Open Position: Data scientist for generative AI research
SolidLines Tech Services is a company focused on developing appropriate technology to improve living conditions in developing countries. Our clients include NGOs, higher education institutions, and Ministries of Health from various countries in Africa, Asia, and Latin America. We specialize in the implementation of large-scale information systems, data analytic platforms, generative AI, chatbots, and machine learning. This position comes from the collaboration between SolidLines and Girl Effect, which is an international NGO that relies on technology to connect girls to the resources and support they need to overcome barriers, and unleash their full potential.
SolidLines and Girl Effect are collaborating in the research and development of a conversational chatbot based on generative AI. This conversational chatbot will be based on the current GE chatbots tailored for young girls in developing countries, embodying the persona of a caring big sister (like Big Sis). The first prototype of this chatbot is based on Retrieval Augmented Generation (RAG). Next iterations of the chatbot will include more functionalities on Social Behaviour Change Communication (SBCC) to enhance the user experience and maximize the chatbot’s possessive impact in young users’ health lives. These functionalities will require the research, implementation and testing of sophisticated techniques in Natural Language Processing (NLP) and Large Language Models (LLM).
Our goal is to explore and apply the state-of-the-art of genAI models to create a safe, informative, and engaging solution for girls in South Africa, India and Kenya. To do so, we will combine the technical expertise of the SolidLines team with the applied knowledge of Girl Effect. The team that is working on this project includes several profiles, like data scientists, data analysts, ML engineers, content writers, software engineers, etc.. In this context, SolidLines is looking for an additional data scientist with a strong background in Python programming and software development to support the research, testing, and implementation of new upgrades in the chatbot.
Responsibilities
In collaboration with the ML and QA team, the data scientist will respond to the following responsibilities:
- Supporting the ML team in evaluating and testing genAI models and LLM application configurations for the different research objectives proposed. This work shall include RAG parameter tuning, embeddings, and fine-tuning of state-of-the-art LLMs among other generative AI techniques.
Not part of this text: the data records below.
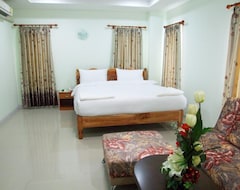 Khách sạn Hotel Rueanrimnam (Roi Et, Thái Lan)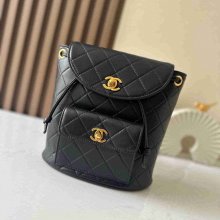 Chanel ヴィンテージ リュック ラムレザー ブラック A2210 サイズ:21x20.5x10cm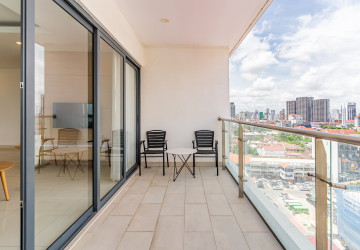 3 Bedroom Serviced Apartment For Rent - Tonle Bassac, Phnom Penh thumbnail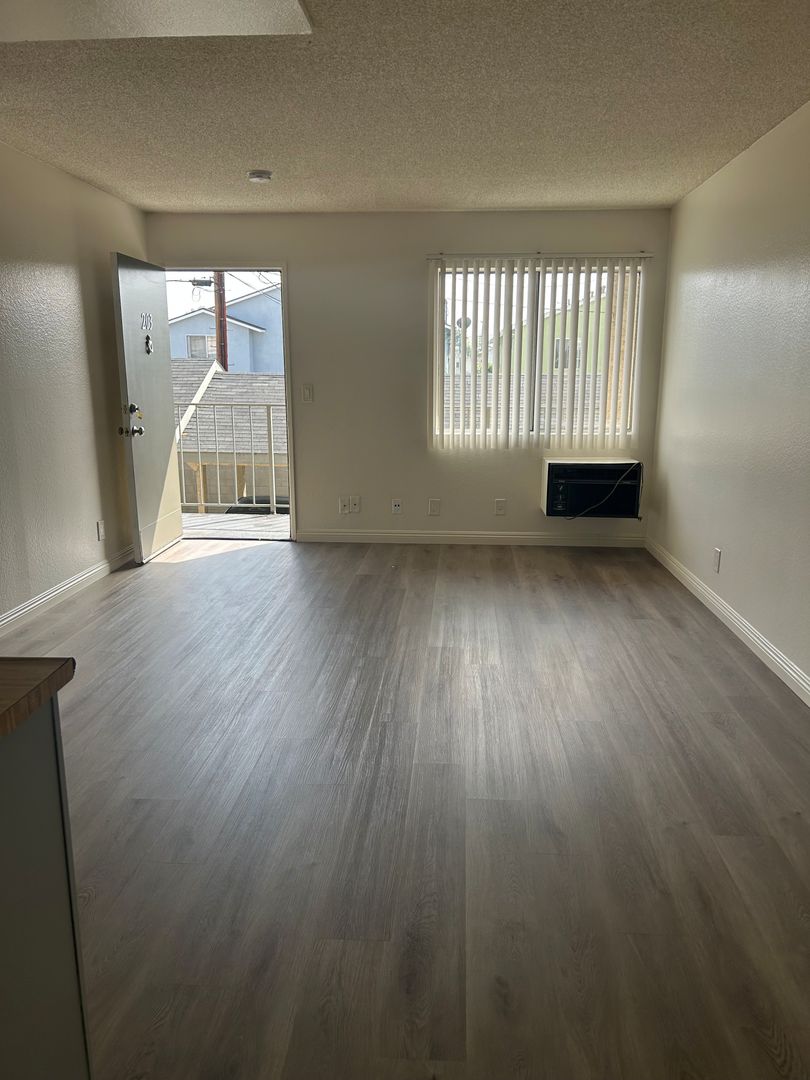 Burbank Apartment: 700 S Lake St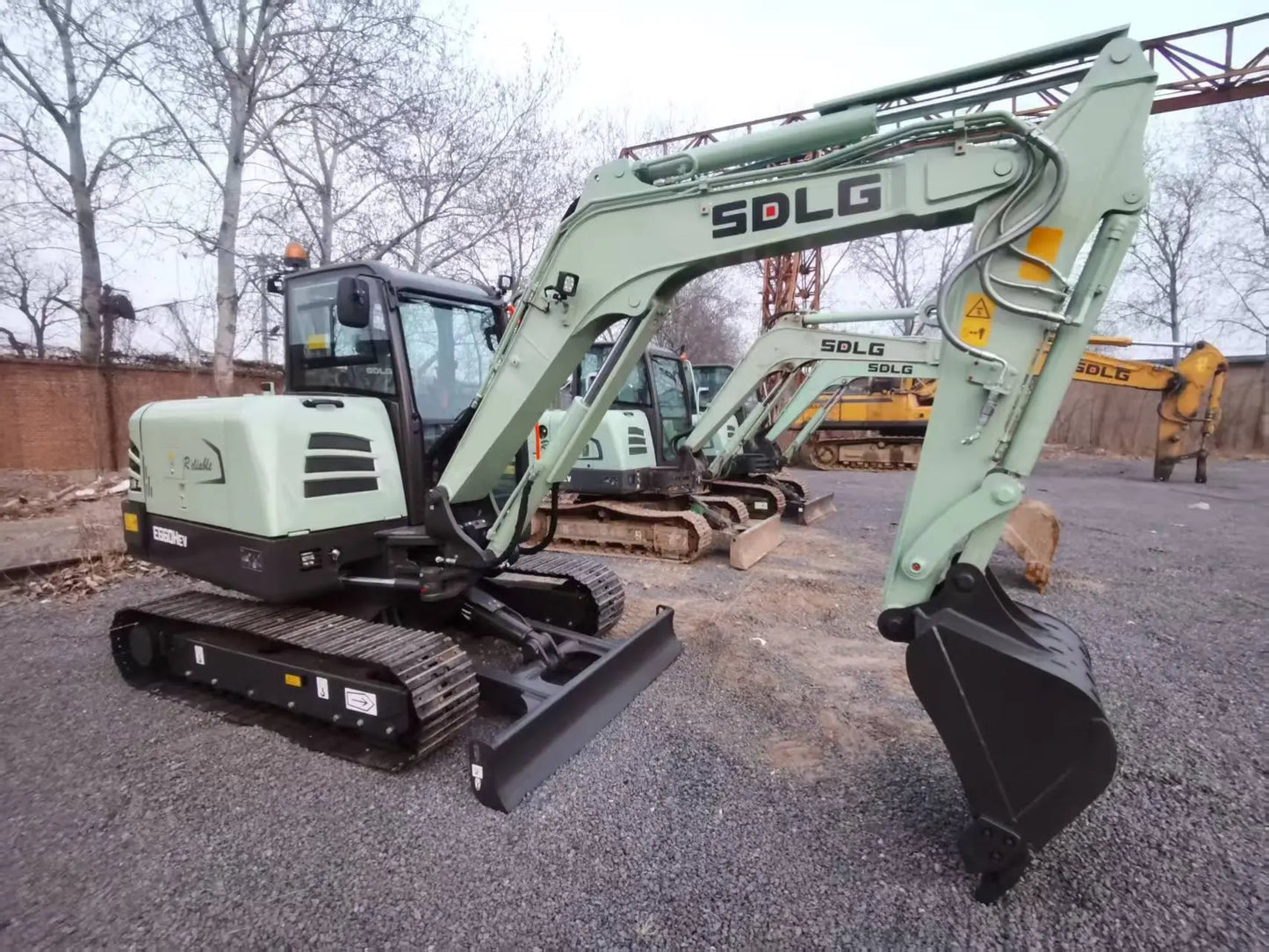 New Sdlg E660HEV Excavator for Sale detail view
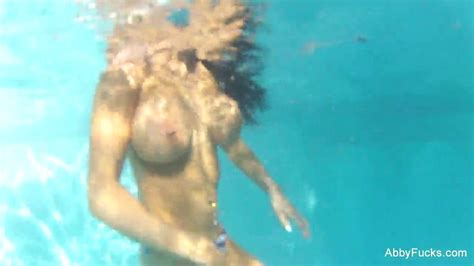 swimming pool tease with abigail mac and romi rain porn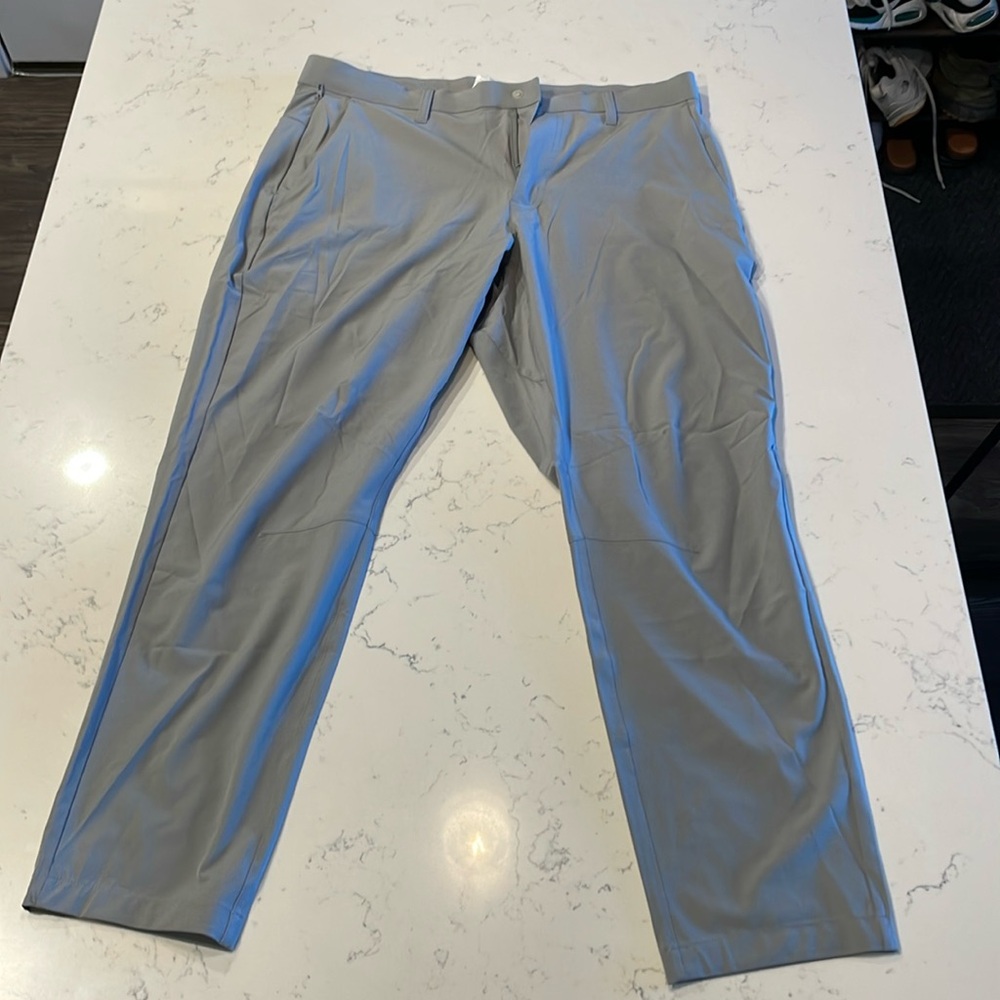 Fabletics 34x32 athletic stretch pants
- Conducting comprehensive data exploration and analysis of textual data, applying statistical methods to summarize these datasets and defining data-driven workplans for next stages of the project.
- Supporting the QA team in performing detailed and replicable tests that guarantee the relevance of experimental findings.
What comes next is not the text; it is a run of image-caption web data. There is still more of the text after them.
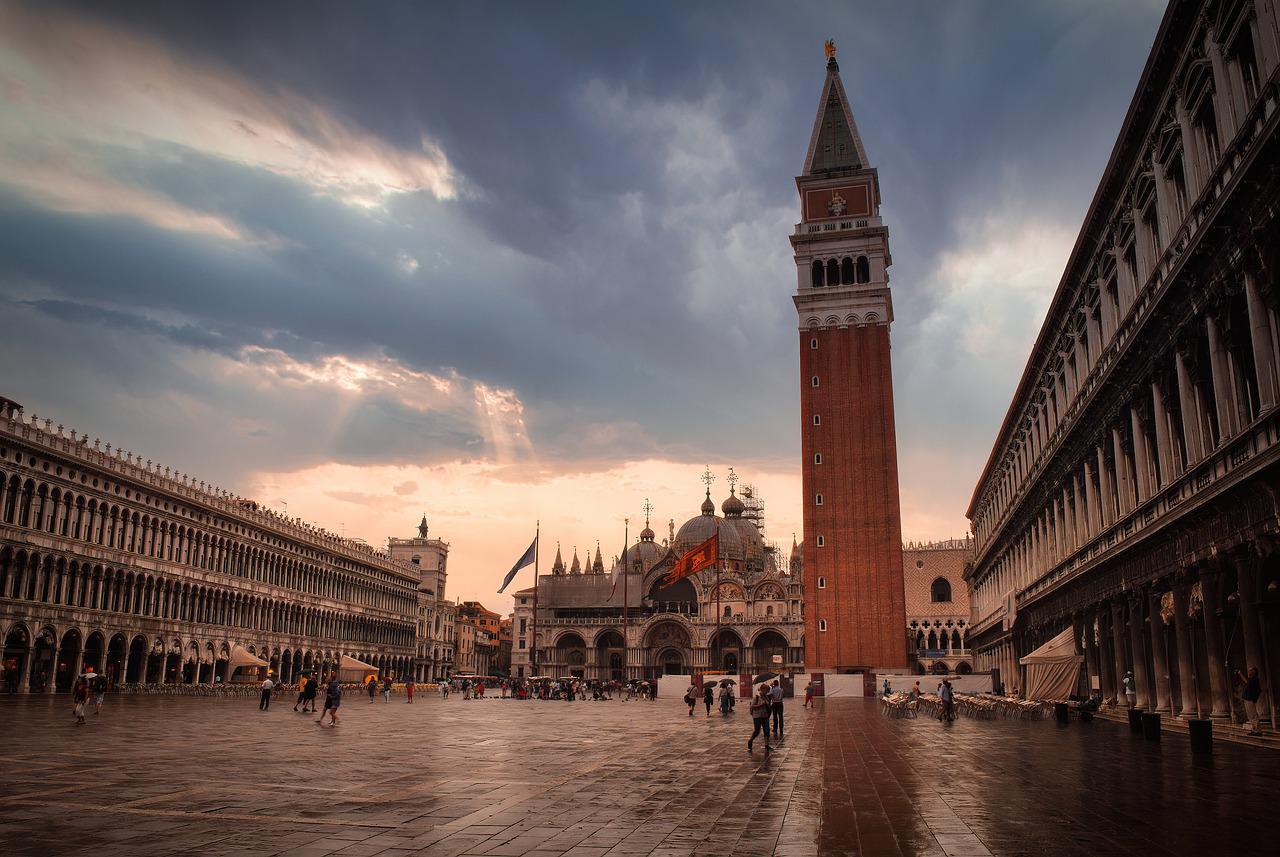 Venice In Rain Italy Wallpapers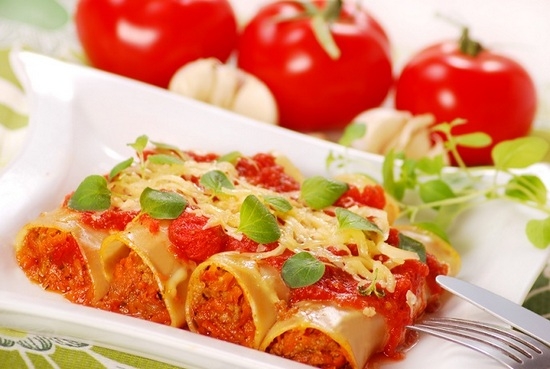 Cannelloni กับเนื้อสับ - สูตรอาหารที่มีรูปถ่าย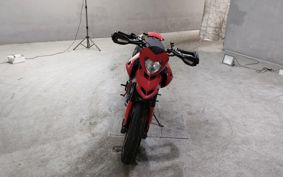 DUCATI  DUCATI  HYPERMOTARD 1100EVO B103AA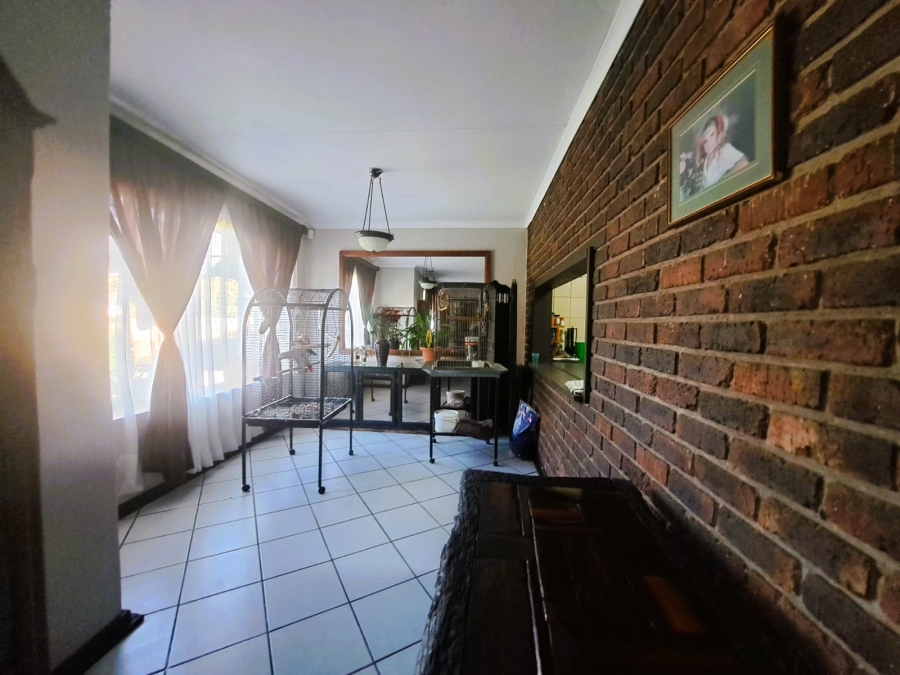 3 Bedroom Property for Sale in Falcon Ridge Gauteng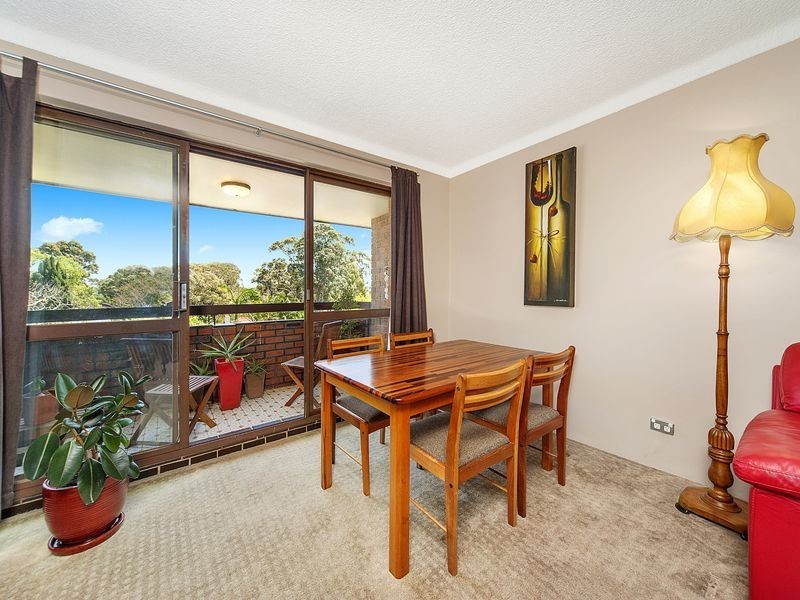 9/15 Albert Parade, Ashfield NSW 2131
- Provide technical advice and participate in discussions about the AI software architecture when needed.
- Documenting the experiments and results based on the team guidelines. Both the approaches, tuning, and results should be thoroughly documented for clear communication with the GE team to support decision-making.
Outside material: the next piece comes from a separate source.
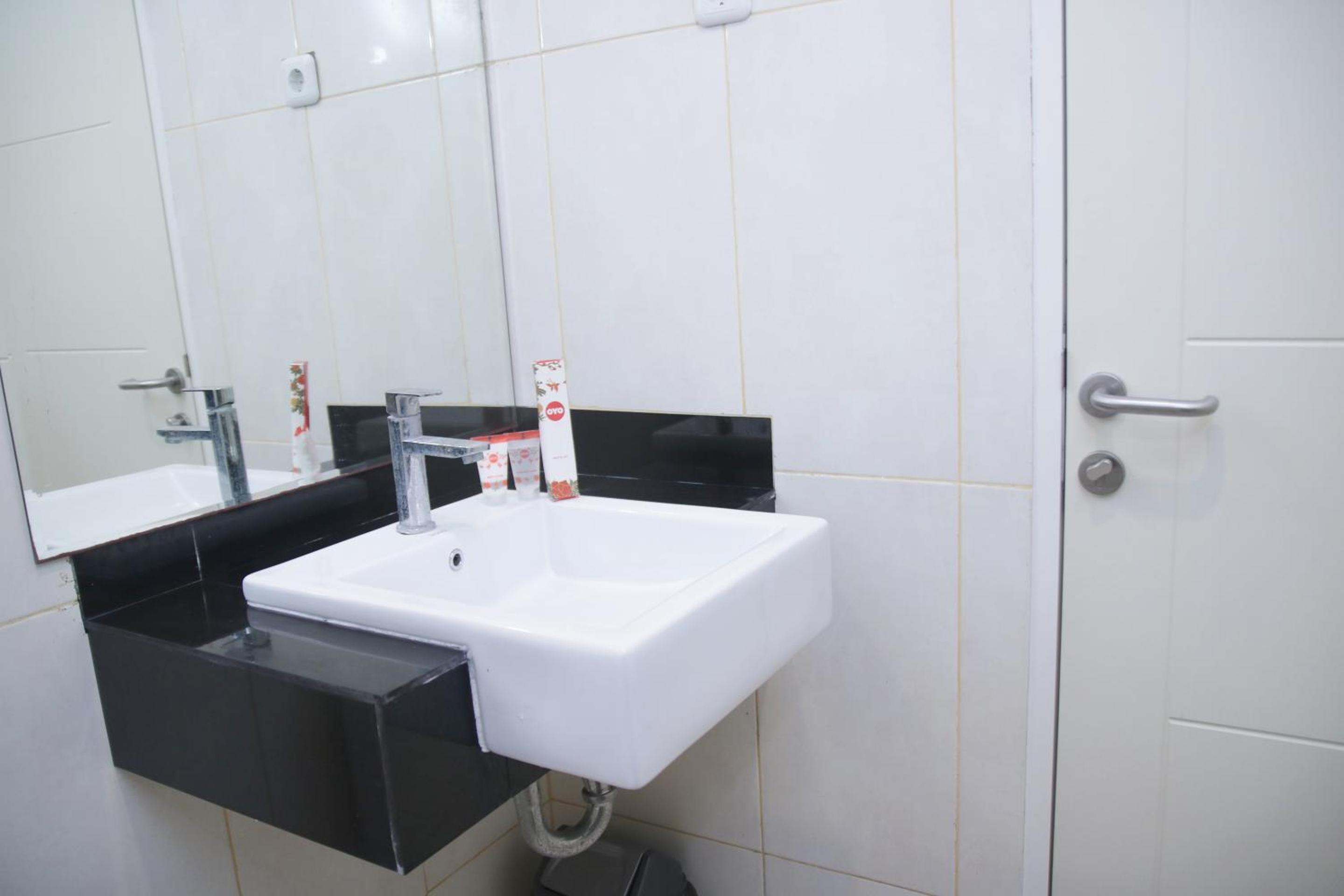 Standard Double Room - Photo 7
- Communicating experiments, results, and key findings and decisions to stakeholders and other members of both the SolidLines and GirlEffect teams, including both technical to strategical discussions.
- Collaborating in the implementation of these solutions together with the dev team, to release new versions of the chatbot according to the client’s requirements.
Requirements
- Master’s degree or higher in a technical field like Computer Science, Data Science, Mathematics, Statistics, Machine Learning or Engineering.
- 5 years+ developing ML, data science models with Python or related programming: data exploration, supervised learning, and clustering.
- Software engineering experience in ML projects
- Deep knowledge of the Python ecosystem for AI/DS including packages like pandas, numpy, scipy, scikit-learn, pytorch, tensorflow, huggingface transformers, etc.
- Understanding and communicating in English is essential for this role.
- The ideal candidate should be proactive, detail-oriented, and demonstrate the ability to work independently while also excelling as a collaborative team member.
- Strong analytical and problem-solving skills, with the ability to analyze large datasets, extract insights, and translate these into actionable strategies.
- Excellent communication and collaboration skills, with the ability to work effectively in a multidisciplinary team and communicate complex data insights to non-technical stakeholders.
- Excellent organisation and project management skills; able to develop and drive research processes and timelines.
Desirable
- R&D experience.
- Prior experience in NLP, LLMs, deep learning and GenAI packages (Langchain, LlamaIndex, etc.).
- Experience in the social sector, strong interest on the use of technology for development and social change
Conditions
- Starting date: January/February 2025
- 100% remote work
- Open to discuss part time positions as well.